What you should do :: Quote the entries below from the line with "Zdjęcie w galerii" through the line with "Vintage 14 Karat", both ends included, and only those lines.

Data for processing ::
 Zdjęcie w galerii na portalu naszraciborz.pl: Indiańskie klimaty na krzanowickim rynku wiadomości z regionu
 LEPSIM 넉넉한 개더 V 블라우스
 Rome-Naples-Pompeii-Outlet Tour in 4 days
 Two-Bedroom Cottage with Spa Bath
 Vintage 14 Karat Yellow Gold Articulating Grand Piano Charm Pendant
...
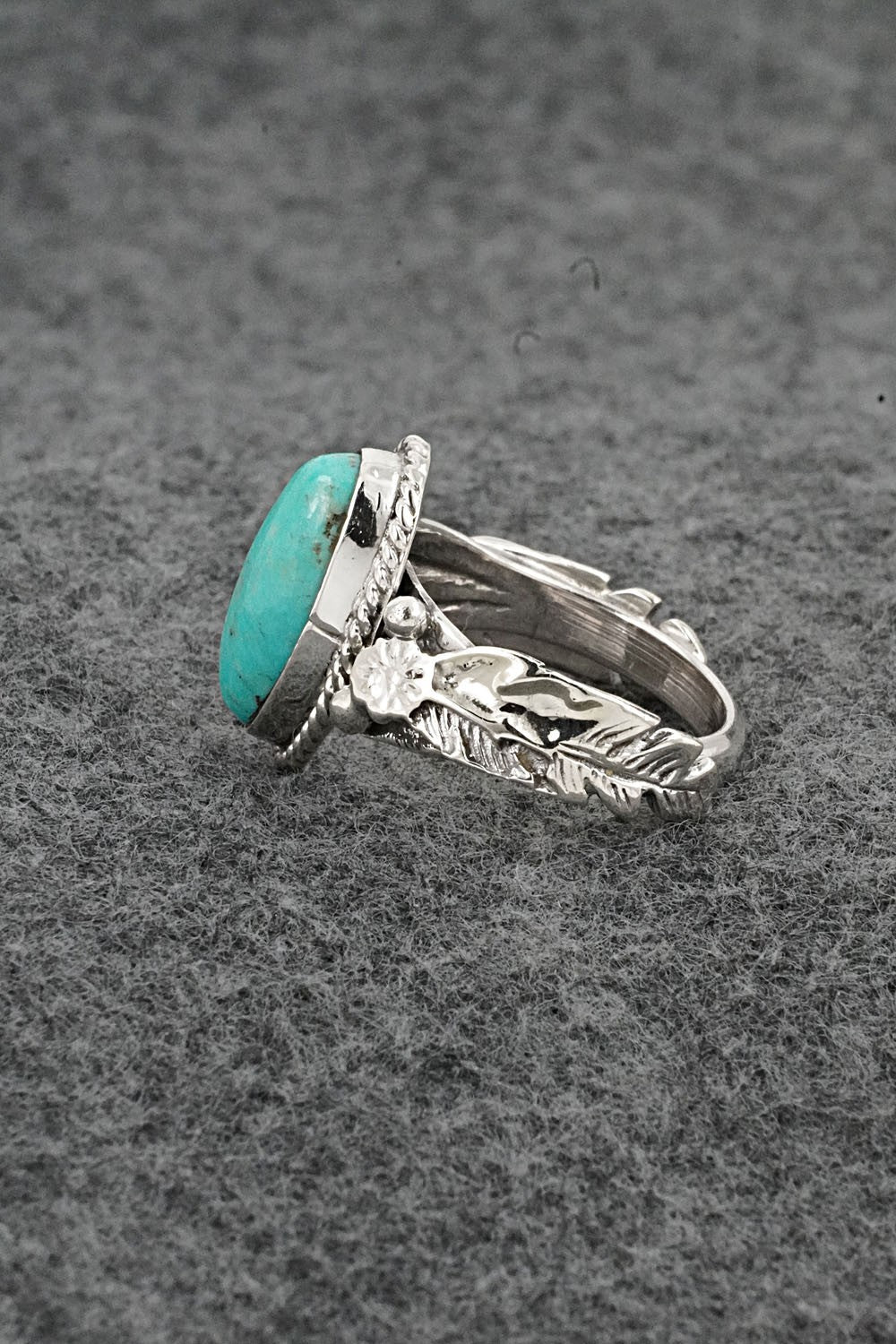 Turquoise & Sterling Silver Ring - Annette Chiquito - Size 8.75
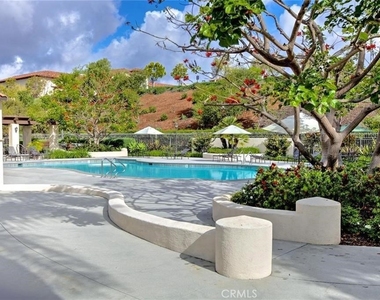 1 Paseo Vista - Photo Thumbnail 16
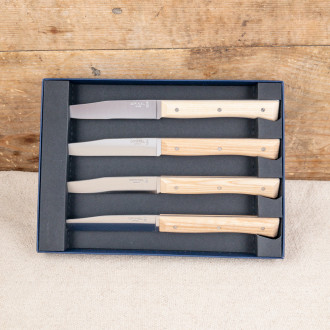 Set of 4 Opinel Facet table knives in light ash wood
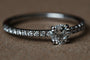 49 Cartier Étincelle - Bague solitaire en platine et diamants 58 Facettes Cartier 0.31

Reply ::
 Zdjęcie w galerii na portalu naszraciborz.pl: Indiańskie klimaty na krzanowickim rynku wiadomości z regionu
 LEPSIM 넉넉한 개더 V 블라우스
 Rome-Naples-Pompeii-Outlet Tour in 4 days
 Two-Bedroom Cottage with Spa Bath
 Vintage 14 Karat Yellow Gold Articulating Grand Piano Charm Pendant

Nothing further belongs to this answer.